Defesa confirma morte cerebral de “Sicário”, braço-direito do dono do Banco Master

        A defesa de Luiz Phillipi Machado de Moraes Mourão, conhecido como “Sicário”, confirmou que ele morreu na noite desta sexta-feira (06/março), após atentado contra a própria vida enquanto estava sob custódia da Polícia Federal.

        “Informamos que o quadro clínico de Luiz Phillipi Machado de Moraes Mourão evoluiu a óbito, que foi legalmente declarado às 18h55, após encerramento do protocolo de morte encefálica iniciado hoje, 06.03.26, por volta das 10h15. O corpo será encaminhado ao Instituto Médico Legal, seguindo-se o protocolo legal”, informou o advogado Robson Lucas da Silva em nota.

        Mourão estava internado no Hospital João XXIII, em Belo Horizonte, desde quarta-feira (04/março), quando a Polícia Federal comunicou que ele “atentou contra a própria vida“. Ele havia sido preso horas antes, durante a Operação Compliance Zero, que investiga um esquema bilionário de fraudes financeiras ligadas ao Banco Master.

        A corporação afirmou que o ministro André Mendonça, relator do caso no STF (Supremo Tribunal Federal), foi informado sobre o ocorrido, mas não detalhou as circunstâncias em que Mourão foi encontrado.
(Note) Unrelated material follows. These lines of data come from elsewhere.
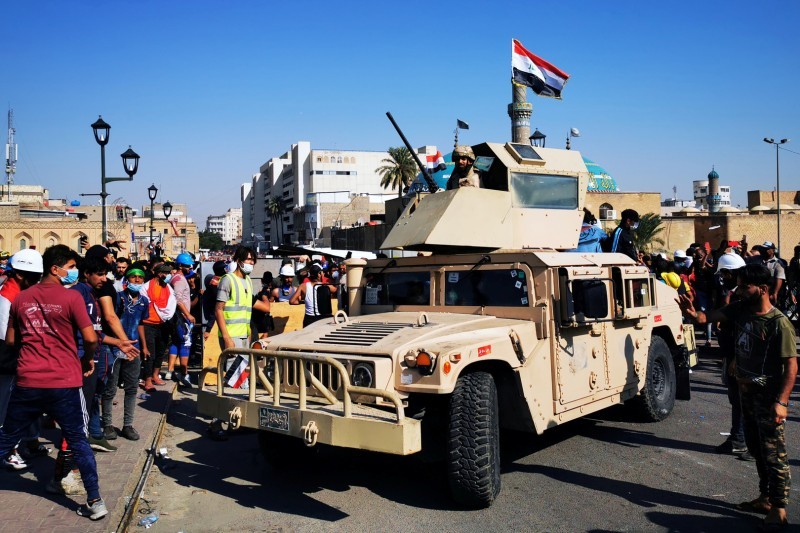 قوات الجيش العراقي أثناء اقتحام قرية لهيبان.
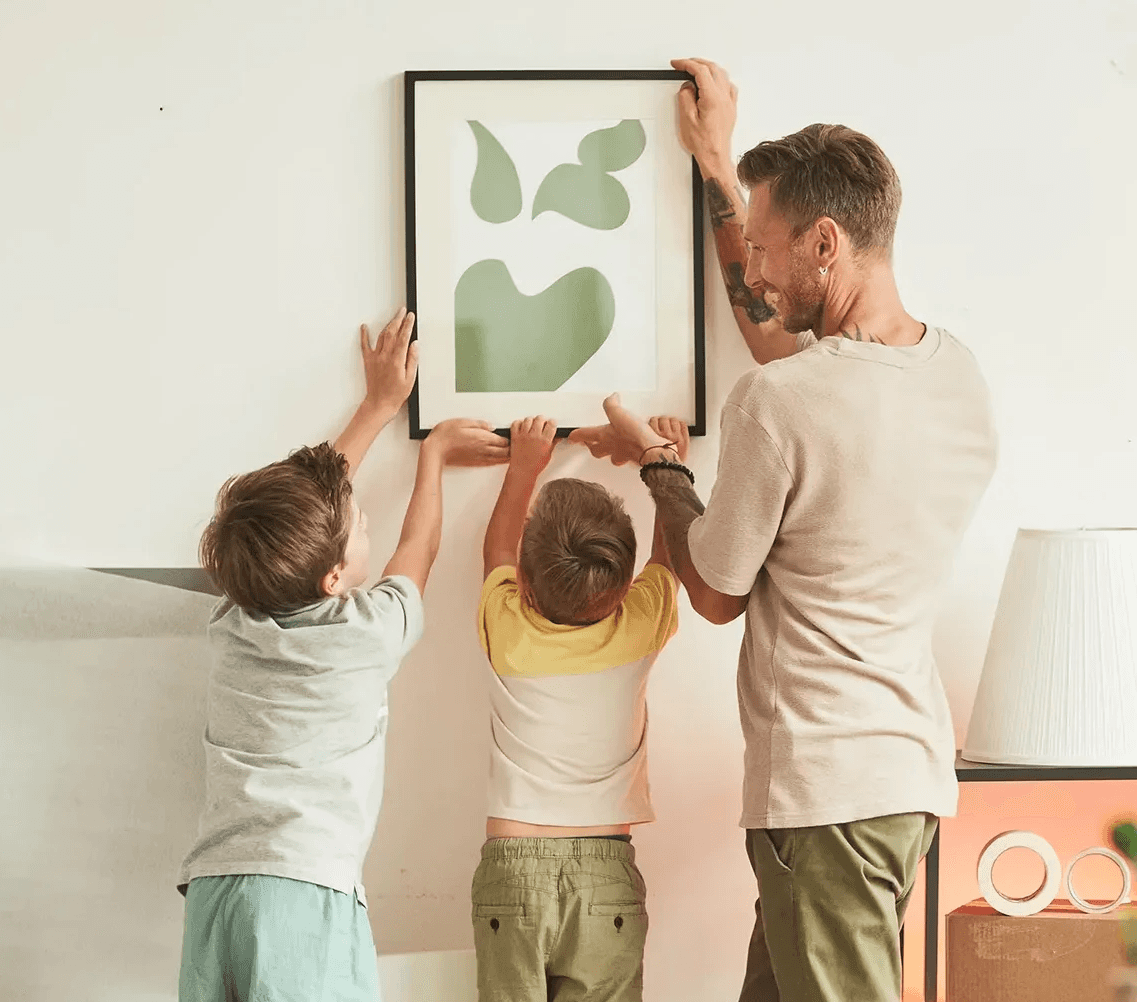 Family hanging up a picture frame.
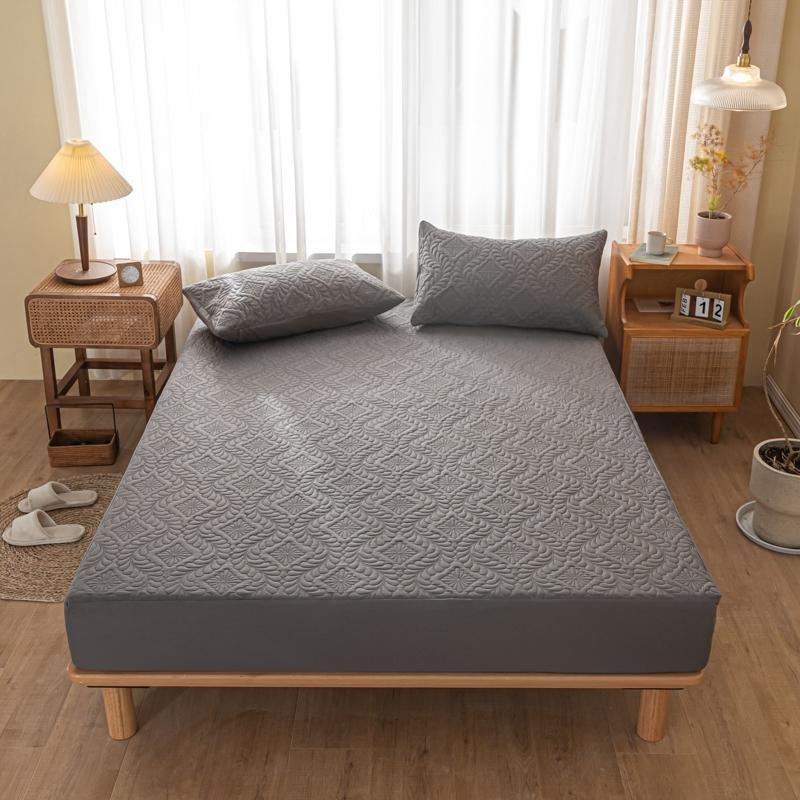 Gray mattress cover on a bed in a bedroom setting with wooden furniture and curtains.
        Na quinta-feira (05/março), a Polícia Federal abriu um inquérito para apurar os fatos relacionados à custódia de Mourão. Ele e o banqueiro Daniel Vorcaro, apontado como chefe da organização criminosa, foram presos na mesma operação.
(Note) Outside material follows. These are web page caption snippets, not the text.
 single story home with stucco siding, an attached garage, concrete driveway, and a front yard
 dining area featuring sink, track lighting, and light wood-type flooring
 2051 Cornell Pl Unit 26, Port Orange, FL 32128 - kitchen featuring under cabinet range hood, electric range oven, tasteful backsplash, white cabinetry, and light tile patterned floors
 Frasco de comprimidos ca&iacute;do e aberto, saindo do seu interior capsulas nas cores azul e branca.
        Segundo o relatório da investigação, Mourão desempenhava papel central na organização, executando ordens de monitoramento de alvos, extração ilegal de dados sigilosos e ações de intimidação física e moral. O documento ainda cita “uma dinâmica violenta evidenciada pelas conversas entre Vorcaro e Mourão” e indica que ele atuava como ‘longa manus’ das práticas violentas atribuídas à organização.

        Os investigadores apontam também que Mourão recebia R$ 1 milhão por mês de Vorcaro como remuneração pelos “serviços ilícitos”.